The team of nine observers sent to the Ford for the shock trials use binoculars 25 times as powerful as the standard Navy issue.
Their job is to scan the seas for 3½ miles in every direction from the Ford, beginning hours before the blast.
A spotter plane flies several miles ahead as the Ford moves toward the blast site, and once the carrier is in that area, circles over that 3½-mile exclusion zone.
“The U.S. Navy provides great resources toward environmental protection and doing what’s right out here at sea — it’s where we operate, it’s where we work and we’re passionate about it,” said Capt. Paul Lanzilotta, the Ford’s commanding officer.

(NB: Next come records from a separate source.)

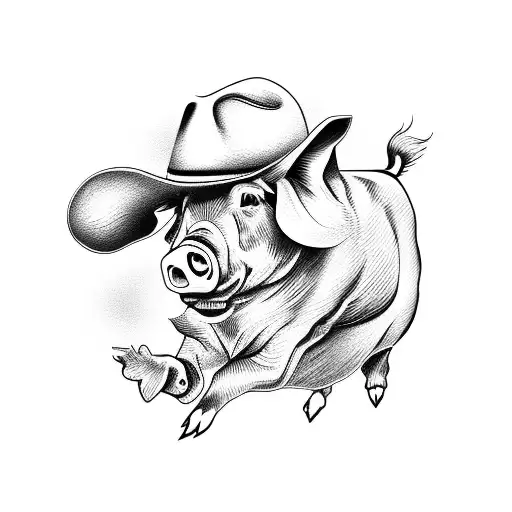 Cowboy Riding A Pig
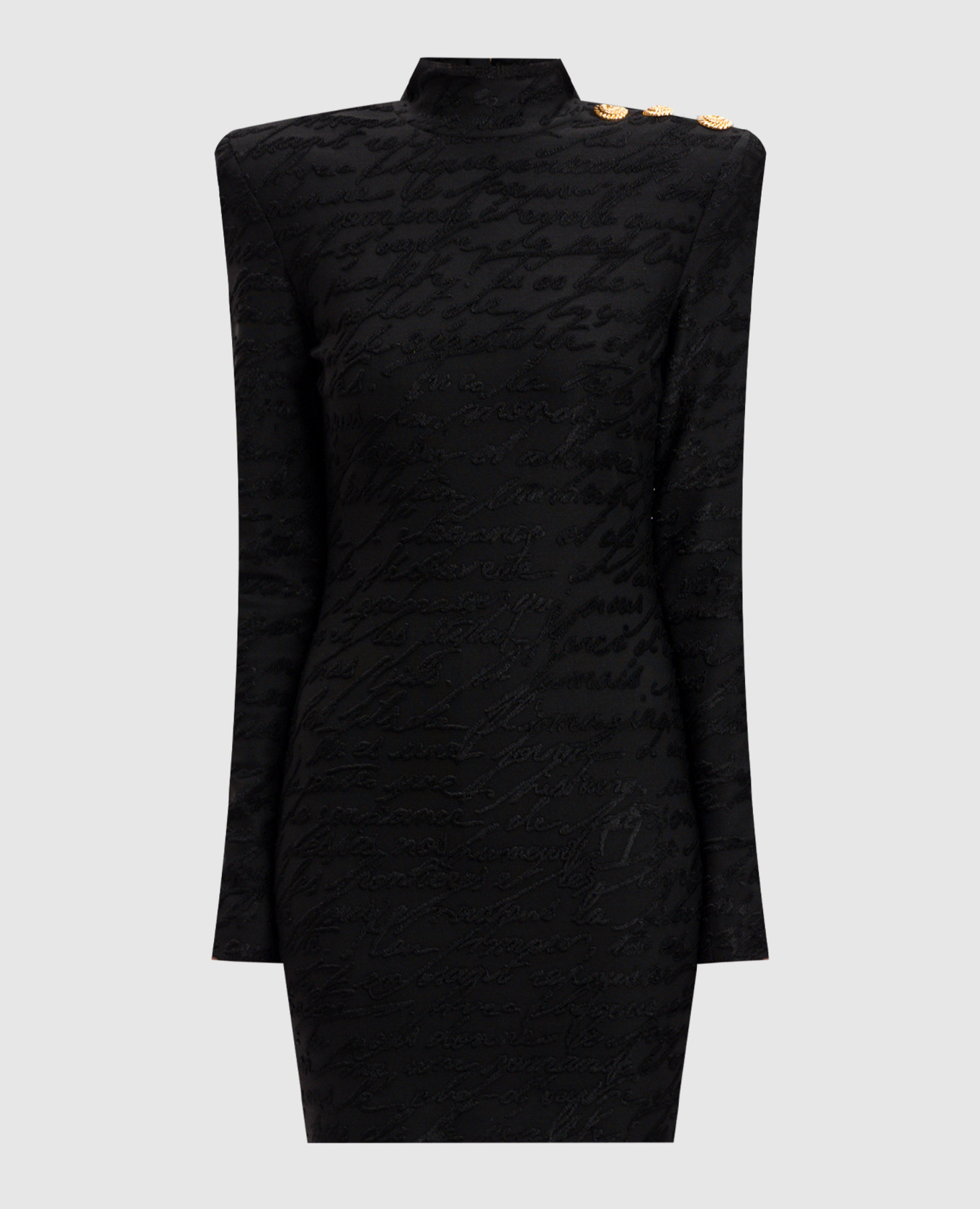 Black mini sheath dress with textured pattern Balmain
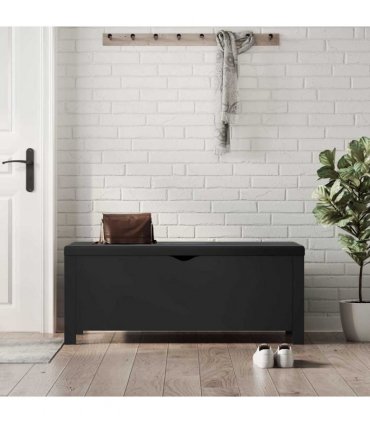 vidaXL Storage Box with Cushion Black 105x40x45 cm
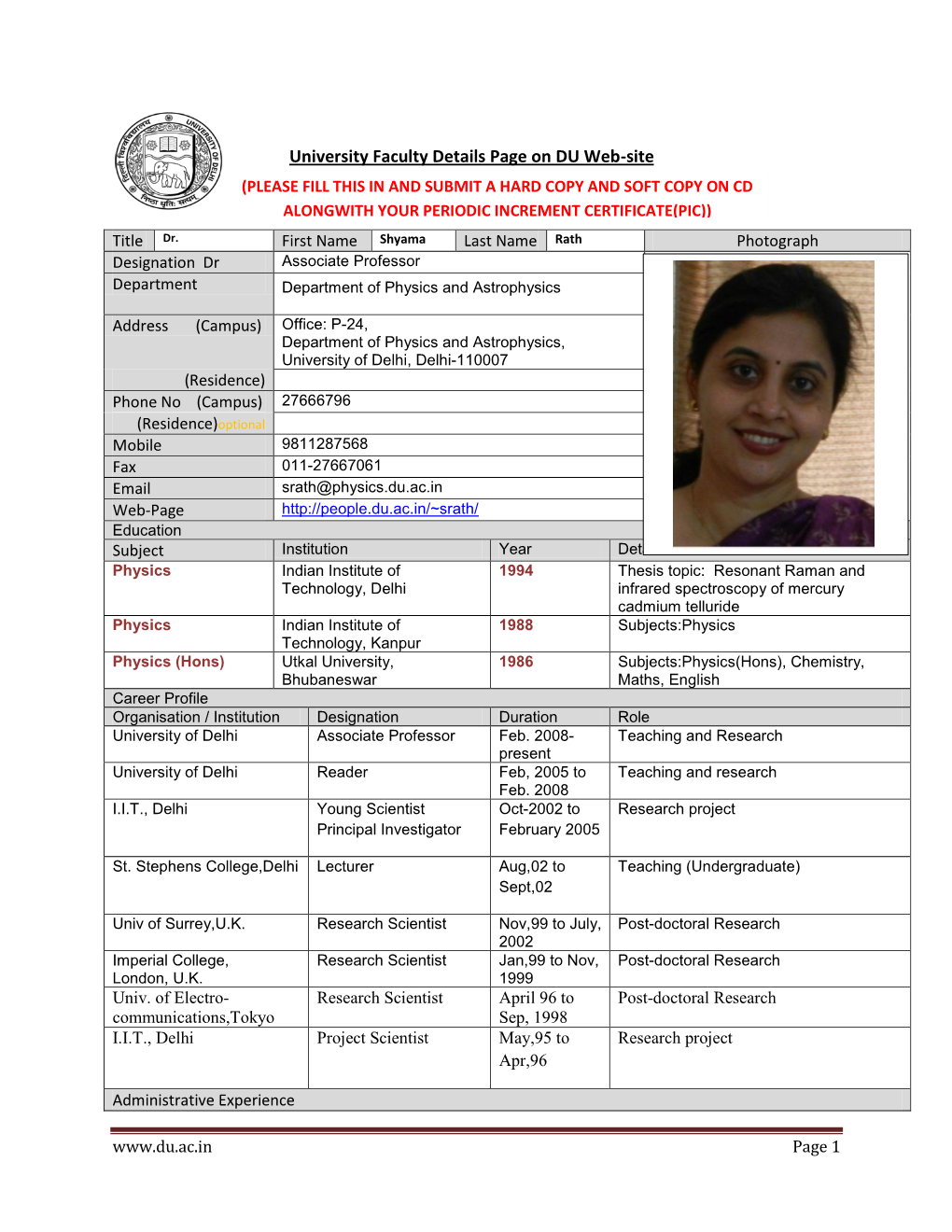 University Faculty Details Page on DU Web-Site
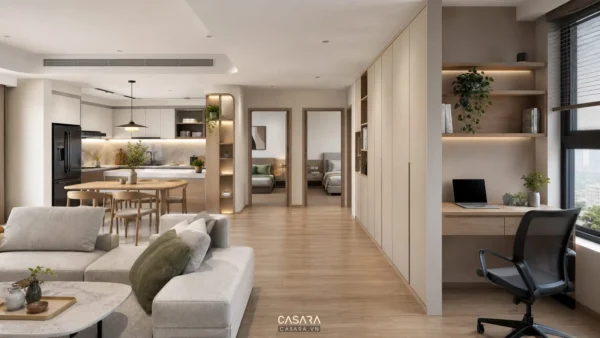 Căn hộ 90m2 có phòng khách, bếp ăn, hai phòng ngủ và góc làm việc cạnh cửa sổ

The flow chart detailing what to do if a PSO sees a sign of a whale or dolphin was one part of the work of preparing for the shock trials, the first in 35 years to test how well the Navy’s aircraft carriers can weather a close-by explosion.
During the weeks before the shock trial start last month, the Ford’s sailors wired up sensors in every corner of the carrier.
They drilled on scenarios of potential casualties to the crew and damage to the ship.
As the carrier approached last month’s blast site, sailors were on standby at the Ford’s several repair lockers.
“At first, I was on the stretcher bearer team, and then I was moved to the shoring team,” said Seaman Apprentice Britnee McMahon.
“On the shoring team, we would (practice) dealing with any buckled bulkheads or sagging overheads,” she said. “We go in there and place wedges or wood and metal shores to keep the bulkheads and decks from any further damage. I am like anybody else. I do my part.”